The cellular structure of the cerebellum (meaning "little brain") is similar to that of the telencephalon in the cerebrum. The grey matter (containing the cell bodies of the neurons) is found at two locations. One is at the surface of the cerebellum, in a thin layer called the cerebellar cortex (the cerebellum's "bark", so to speak). The other is deep inside the cerebellum, where neurons are grouped in clusters called cerebellar nuclei.

The cerebellar cortex contains many furrows, running mainly in a transverse direction. The deepest furrows divide the cerebellum into lobules. The shallower furrows within each lobule divide it into lamellae.

The main cells of the cerebellar cortex are large, pear-shaped cells called Purkinje cells, after the Czech anatomist who first described them, in 1837. These cells receive impulses from their synapses with the afferent nerve fibres entering the cerebellum, then send these impulses out along their axons to the cerebellar nuclei.

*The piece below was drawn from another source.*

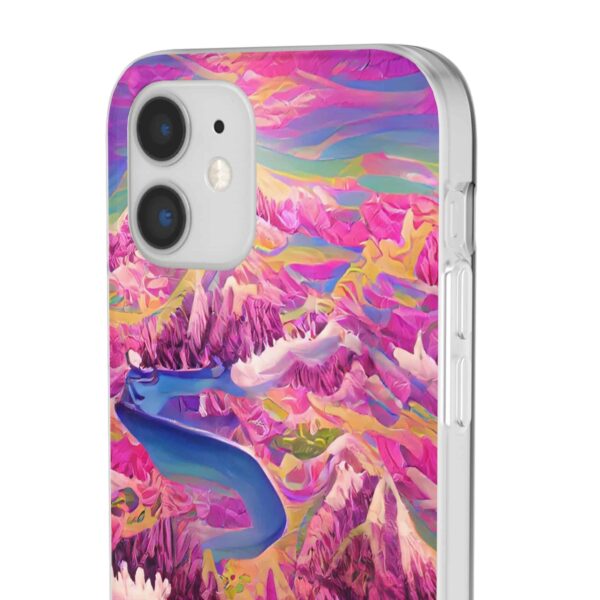 Rainbow Designs Colorful Nature On Flexi Cases Custom Phone Cases For iPhone and Samsung Series - Image 47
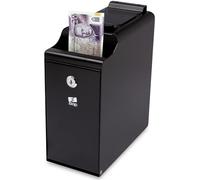 The ZZap S30 POS Cash Safe - Mounts underneath a countertop, internal cash box, heavy duty steel casing and more!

The Purkinje cells form a layer parallel to the surface of the cerebellar cortex. There are also two other layers of neurons on either side of the Purkinje cells.

As in the cerebral cortex, the white matter that forms the interior of the cerebellum consists of the myelinated nerve fibres that come and go between the cerebellar cortex , the nuclei deep inside the cerebellum, and the other brain structures outside it.